In examples, the method at block 1250 comprises, for each image pixel, determining whether the associated graphic code pixel is white or black (or more generally whether the associated graphic code pixel is a ‘lighter’ or ‘darker’ pixel). In such examples, where the associated graphic code pixel is black, the lightness of the image pixel is compared to the low threshold lightness value. Where the associated graphic code pixel is white, the lightness of the image pixel is compared to the high threshold lightness value.

At block 1260, the method 1200 comprises adjusting, by the processor, the lightness value for each pixel of the image which is to be adjusted to a modified lightness value, such that a combination of the image and the graphic code is produced. In examples, adjusting the lightness of an image pixel, at block 1260, comprises adjusting the lightness of the image pixel to the threshold lightness value associated with the image pixel. In examples, adjusting the lightness of an image pixel comprises adjusting the lightness of the image pixel towards the lightness threshold associated with the image pixel, by the lesser of: the difference between the image pixel lightness and the associated threshold lightness, and a predetermined value, as will be discussed in more detail below. Thus the graphic code may be ‘written into’ the image.

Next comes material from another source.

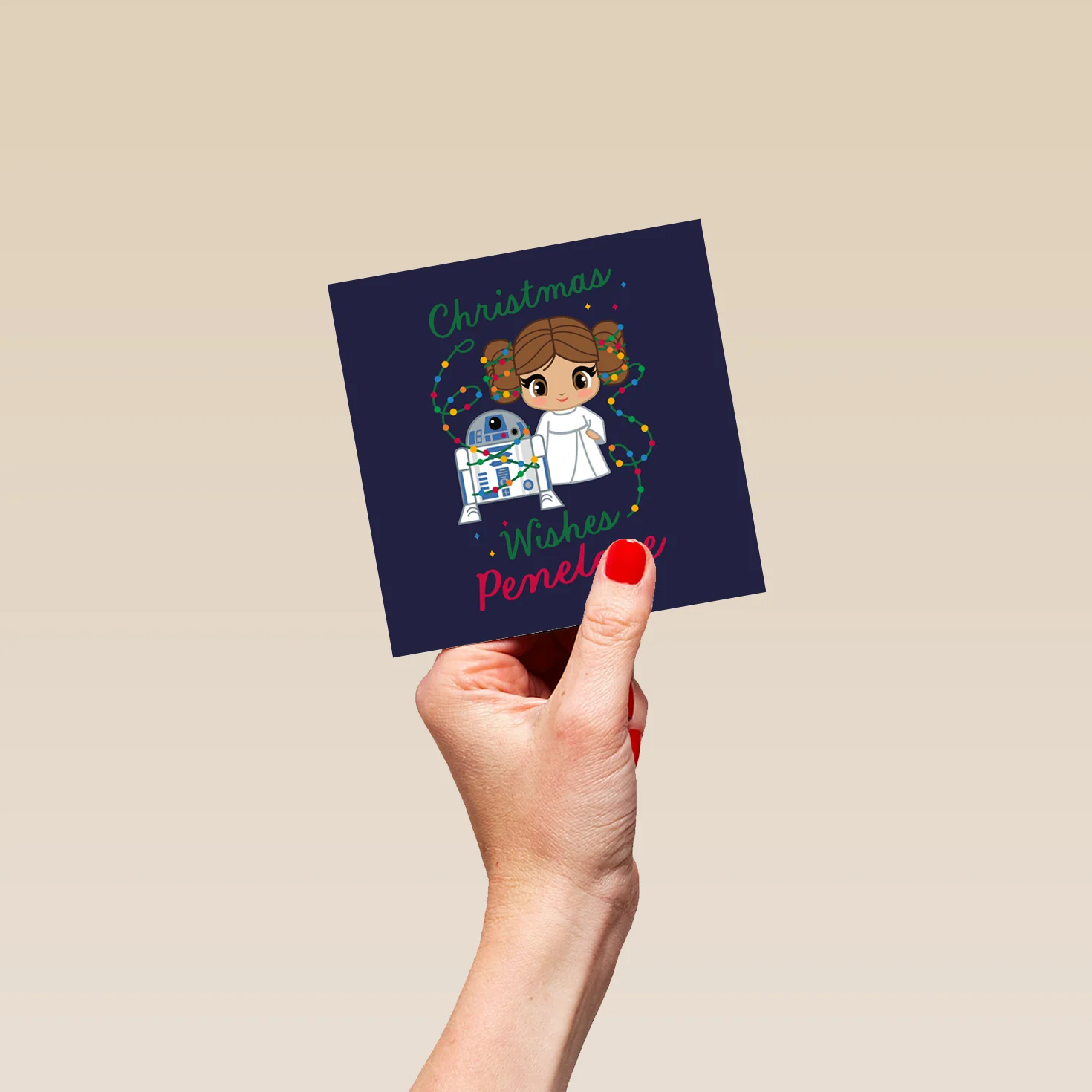 Personalised Editable Star Wars™ Leia & R2-D2 Christmas Card - Image 4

In summary, if an image pixel is to be associated with a black code pixel, but its lightness value is higher than the lower threshold, then it may be determined that the pixel is too light for the code to be read accurately, and the lightness of that pixel may be reduced. If however an image pixel is to be associated with a white code pixel, but its lightness value is lower than higher threshold, then the lightness of that pixel may be increased, so that the pixel can be correctly recognized as a light portion of the code.

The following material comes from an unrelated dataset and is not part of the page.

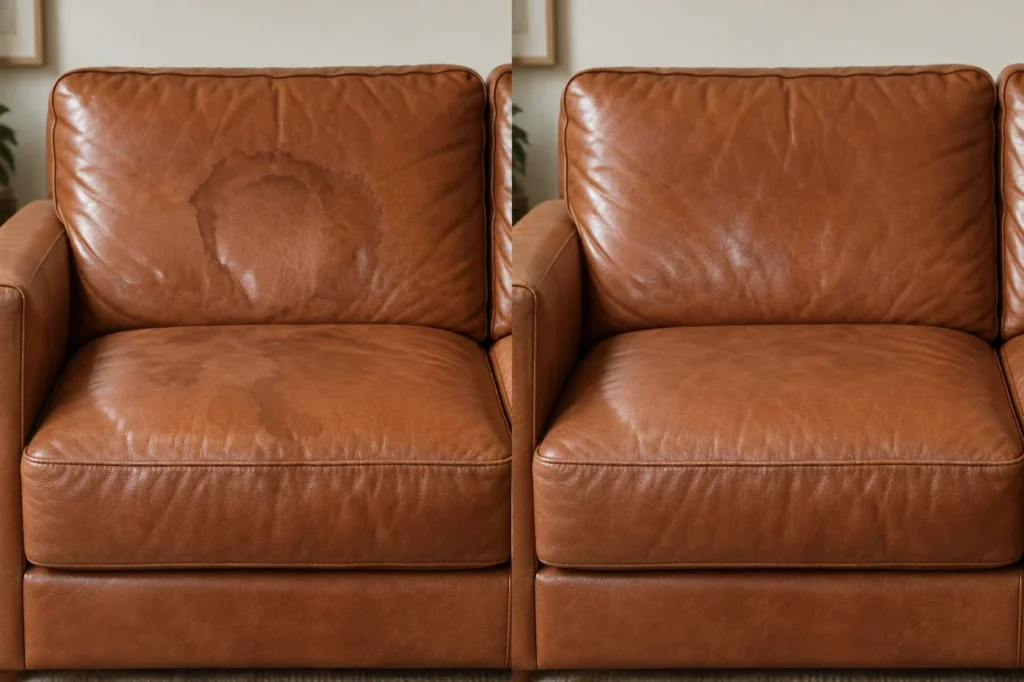 Cognac leather sofa with a water ring, before and after repair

In examples, the method comprises for each white pixel of the machine readable graphic code, comparing the lightness value of the image pixel to the high threshold lightness value, and: leaving the lightness value of the image pixel unchanged where the lightness value of the image pixel is greater than or equal to the high threshold lightness value, and increasing the lightness value of the pixel of the image to a modified lightness value where the lightness value of the image pixel is less than the high threshold lightness value. In examples, the modified lightness value for an image pixel associated with a white graphic code pixel is equal to the high threshold lightness value. As such: if the image pixel lightness of the image pixel associated with a white graphic code pixel is less than the high lightness threshold, it is modified to the high lightness threshold; and if the image pixel lightness is greater than or equal to the high lightness threshold the lightness is left unchanged. In other examples, the lightness value of the image pixel is increased by the lesser of: the difference between the image pixel lightness and the high threshold lightness; and a predetermined maximum value. The predetermined maximum value may in some examples be the difference between the high lightness threshold and the low lightness threshold, which is termed herein “delta lightness”. In such examples, the modified lightness value for an image pixel associated with a white graphic code pixel is equal to the image pixel lightness plus the predetermined value, e.g. image pixel lightness plus delta lightness.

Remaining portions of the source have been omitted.